06 August 2008

Texas Violates International Law

Jose Erneso Medellin was executed in Texas yesterday for murder despite an order from the International Court of Justice (which is charted by the United Nations), that the execution not go forward because he was deprived of a right to diplomatic assistance by Texas, and not given a rehearing on the issue as required by the ICJ.

The U.S. Supreme Court ruled 6-3 that Texas wasn't bound by the order because the applicable treaty wasn't considered self-executing by the Court, and rejected a subsequent stay of execution by 5-4 with Justice Stevens changing his vote. Stevens had urged Texas to do the right thing and obey international law without being compelled to by the federal courts. Stevens apparently didn't understand Texas.

The actions of Texas, combined with the U.S. Supreme Court ruling, effectively nullifies the U.S. treaty in which the U.S. pledges to give foreigners charged with crimes access to diplomatic assistance, destroys the authority of the ICJ in the United States, and further undermines U.S. respect for international law.

Previous rulings of the U.S. Supreme Court have taken a similar approach to other U.S. treaties. For example, the U.S. Supreme Court has previously upheld as lawful the arrest and subsequent conviction of a Mexican national unlawfully (under Mexican law, at least) kidnapped from Mexico by U.S. officials in violation of the process for extradition set out in a treaty between the United States and Mexico.

Foreign law students and professors often wonder why international law is only a small part of the U.S. law school curriculum compared to its role in European and Asian law schools. The answer is simple. In the U.S., the rule is that we usually ignore international law.

1 comment:

Ken said...

Christ on a crutch, Andy! Judges in Colorado are so openly disdainful of our own domestic law that a hidebound pronouncement of the United States Supreme Court is scarcely more than a polite suggestion. Do you honestly expect our judges to respect INTERNATIONAL law?!?

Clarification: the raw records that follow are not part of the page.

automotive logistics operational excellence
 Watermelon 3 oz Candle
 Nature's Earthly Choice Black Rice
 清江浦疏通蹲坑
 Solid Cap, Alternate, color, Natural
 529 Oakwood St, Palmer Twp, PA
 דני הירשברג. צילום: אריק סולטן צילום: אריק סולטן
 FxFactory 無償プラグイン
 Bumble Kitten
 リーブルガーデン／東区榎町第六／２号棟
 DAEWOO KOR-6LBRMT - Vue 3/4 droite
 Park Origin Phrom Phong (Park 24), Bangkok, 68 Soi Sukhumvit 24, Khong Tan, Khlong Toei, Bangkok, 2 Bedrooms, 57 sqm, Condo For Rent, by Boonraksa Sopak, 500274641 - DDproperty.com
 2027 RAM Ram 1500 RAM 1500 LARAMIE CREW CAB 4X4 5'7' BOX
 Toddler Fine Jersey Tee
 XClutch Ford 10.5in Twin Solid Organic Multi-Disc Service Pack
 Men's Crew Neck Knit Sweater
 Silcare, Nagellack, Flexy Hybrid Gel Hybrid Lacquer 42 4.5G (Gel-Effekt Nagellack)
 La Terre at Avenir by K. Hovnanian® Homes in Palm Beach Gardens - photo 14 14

For you to whinge about judges disregarding valid treaties like the International Covenant on Civil and Political Rights (which are the Law of the Land; U.S. Const., art. VI, cl. 2) is a little like Captain Renaud in Casablanca declaring that he was "shocked" to find that there was gambling going on in Rick's Cafe Americain ("Your winnings, sir."). You know that judges only follow precedent when it takes them exactly where they wanted to go in the first place, and you know just how often it happens (a lot). But do you ever complain about it? Of course not! Saying bad things about our homegrown band of Ba'athists in black robes is like making jokes about Saddam in pre-war Iraq.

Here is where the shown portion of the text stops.